Should all black students be labeled "at-risk" based solely on their ethnicity?
School districts get a certain amount of money from the state based on the number at-risk students they have.
The money goes towards resources that help schools meet the greater challenges of educating these students. Things like professional development for teachers, improving curriculum, enhancing parental involvement, and providing other activities tied to raising student achievement.
In Michigan, a student is labeled "at-risk" if they meet any of a number of factors including:
- victims of abuse or neglect;
- teenage parents;
- eligible for free or reduced-priced breakfast, lunch, or milk;
- absent more than 10 school days;
- English language learners;
- immigrants or migrants;
- a family history of school failure, incarceration, or substance abuse;
- not achieving proficiency in English language arts, math, science, or social studies; or
- are at risk of not meeting the district's core academic objectives in English language arts or math.
But according to Ypsilanti Community Schools Superintendent Ben Edmondson, all black students should automatically be considered at-risk, simply because that they are black.

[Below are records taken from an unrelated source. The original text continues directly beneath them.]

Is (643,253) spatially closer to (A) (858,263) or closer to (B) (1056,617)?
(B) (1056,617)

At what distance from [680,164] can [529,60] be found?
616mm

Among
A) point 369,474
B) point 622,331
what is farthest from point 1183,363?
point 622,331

According to The Ann Arbor News, Edmondson says the achievement gap between white students and black students makes the case for including race in the discussion of what puts students at risk. He said:
The fact that you're a person of color in the state of Michigan should be on there. My children are African-American. Yes, I'm in a higher tax bracket and highly educated, but the simple fact that you're born into this country as a person of color puts you at-risk.... Some state needs to be bold enough to say yes, that is a factor.
With additional state funding directed at at-risk black students, Edmondson says he would provide additional supports specifically for black female students, provide more preschool interventions, and get parents more involved in their children's education. And he says more state funding could provide for after-school enrichment activities and additional training for teachers on understanding African-American culture.

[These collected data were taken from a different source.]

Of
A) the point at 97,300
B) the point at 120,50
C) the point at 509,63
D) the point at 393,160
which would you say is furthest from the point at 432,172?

Researchers have looked at whether labeling a student as at-risk can lead to self-fulfilling prophecies, and create additional challenges. In 2010, retired Washington State Sen. Rosa Franklin sponsored a bill to replace references to low-income children like "disadvantaged," and "at-risk," with the term "at hope." Franklin told the Associated Press:
We really put too many negatives on our kids. We need to come up with positive terms. Positive labeling is more than a gimmick or political correctness.
But Edmondson disagrees with shying away from the term. He says:
If we put it out there, we'll find solutions. But as long as it's hidden, you're never going to have that conversation that this is an at-risk factor.
Black students are suspended and expelled from school at disproportionately high rates. They lag behind their white peers on standardized tests. And research has shown that white teachers are more likely to expect their black students to fail.
But these factors don't apply to every black student. So should we make generalizations about them? The Michigan Department of Education doesn't think so. Spokesperson Bill DiSessa said in a statement to The Ann Arbor News:
While our largest achievement gaps are with African-American males, we cannot broadly say that all African-American students are low-income, just as we can't say that all low-income students are African-American. We need to focus targeted resources to assist all low-income at-risk students, whether they are in our urban communities or in our rural communities.
What do you think about considering all black students "at-risk"?